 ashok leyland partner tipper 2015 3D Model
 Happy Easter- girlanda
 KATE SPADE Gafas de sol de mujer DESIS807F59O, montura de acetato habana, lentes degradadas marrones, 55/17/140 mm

▸ What you should do
The required output is the whole listing, printed again exactly.

▸ Reply
 ashok leyland partner tipper 2015 3D Model
 Happy Easter- girlanda
 KATE SPADE Gafas de sol de mujer DESIS807F59O, montura de acetato habana, lentes degradadas marrones, 55/17/140 mm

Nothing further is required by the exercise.